[Short text fragments from websites]
——
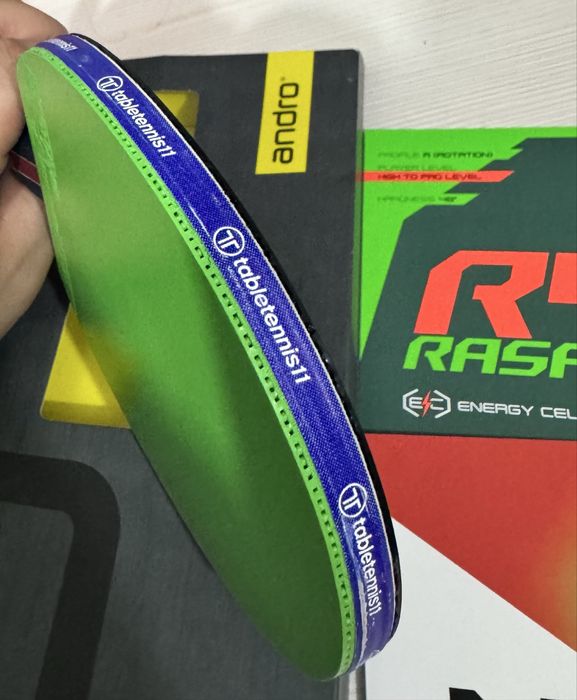 Paletă tenis de masă Andro Gauzy BL7 OFF + Rasanter R48 + NUZN 48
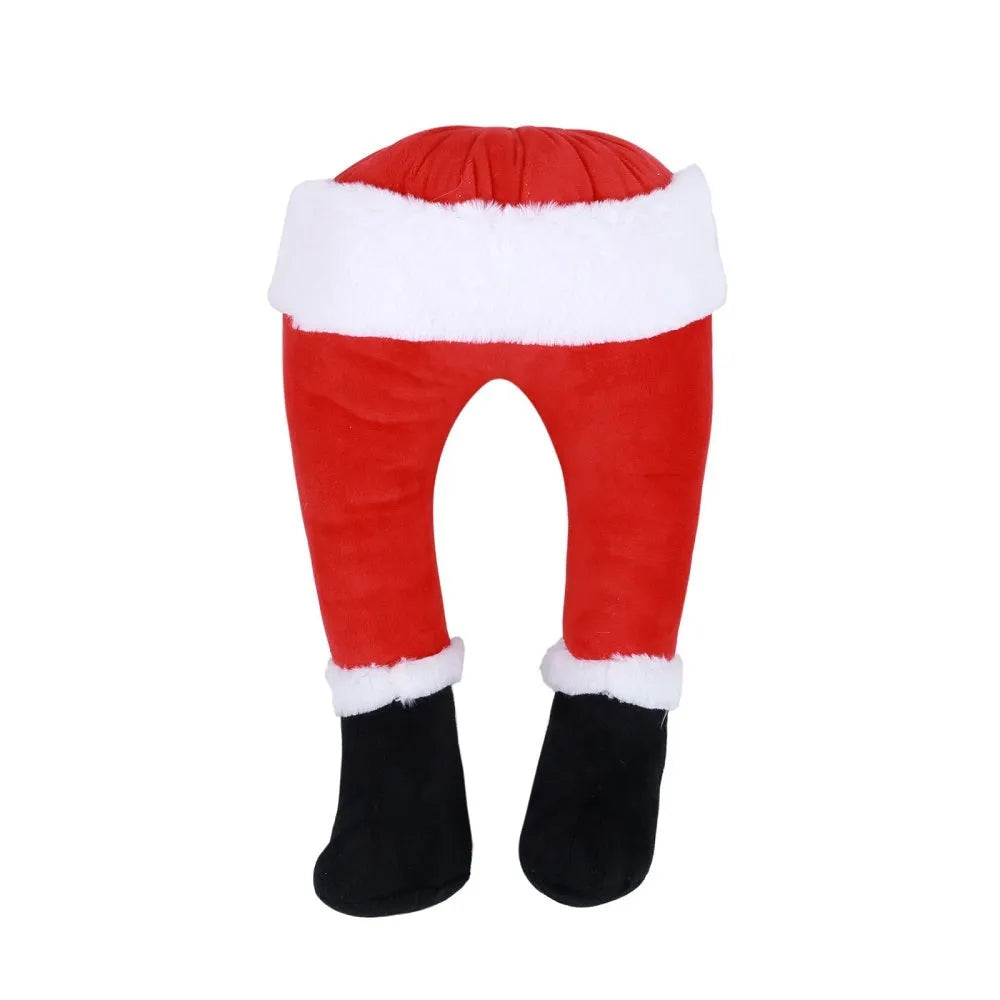Two white fabric elf legs decorating a Christmas garden display, overall length 38cm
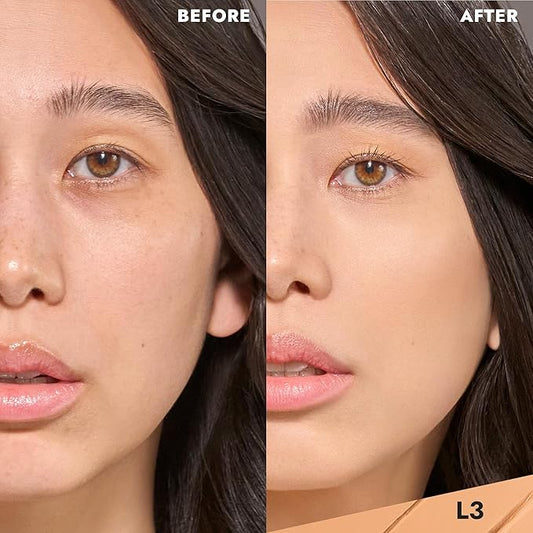 COVER FX Complete Coverage Kit: Total Cover Cream Foundation - Shade L3 + Custom Cover Blending Brush
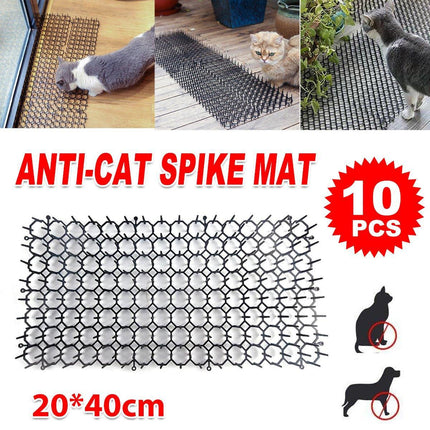 10pcs Anti-Cat Spike Mat Pet Deterrent Mat Outdoor Cat Repellent Netting Kit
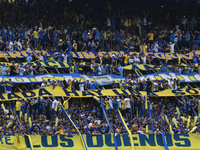 Fans of Boca Juniors cheer for their team before a Liga Profesional match between Boca Juniors and River Plate at Alberto J. Armando Stadium...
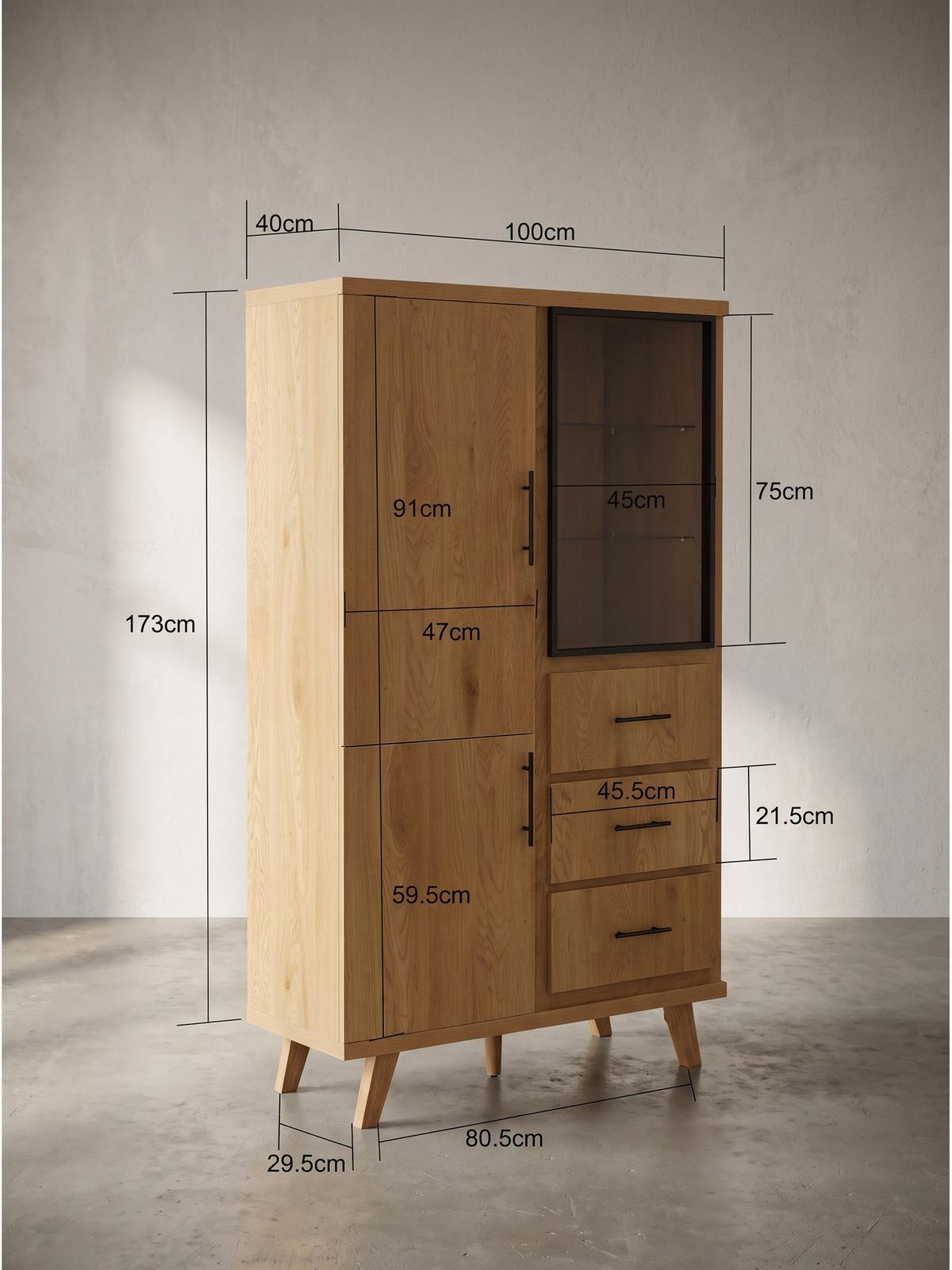 HIGHBOARD BASSANO, MDF, in Eichenoptik, mit Stauraum, 100 x 40 x 188 cm - Hellbraun/Braun, Eichenholz/Holzwerkstoff (100/188/40cm) - KADIMA DESIGN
——
▸ Task brief
Write out exactly the lines from the one containing "10pcs Anti-Cat Spike" through the end of the entries, both included. Pictures are not copied.

▸ Exercise result
 10pcs Anti-Cat Spike Mat Pet Deterrent Mat Outdoor Cat Repellent Netting Kit
 Fans of Boca Juniors cheer for their team before a Liga Profesional match between Boca Juniors and River Plate at Alberto J. Armando Stadium...
 HIGHBOARD BASSANO, MDF, in Eichenoptik, mit Stauraum, 100 x 40 x 188 cm - Hellbraun/Braun, Eichenholz/Holzwerkstoff (100/188/40cm) - KADIMA DESIGN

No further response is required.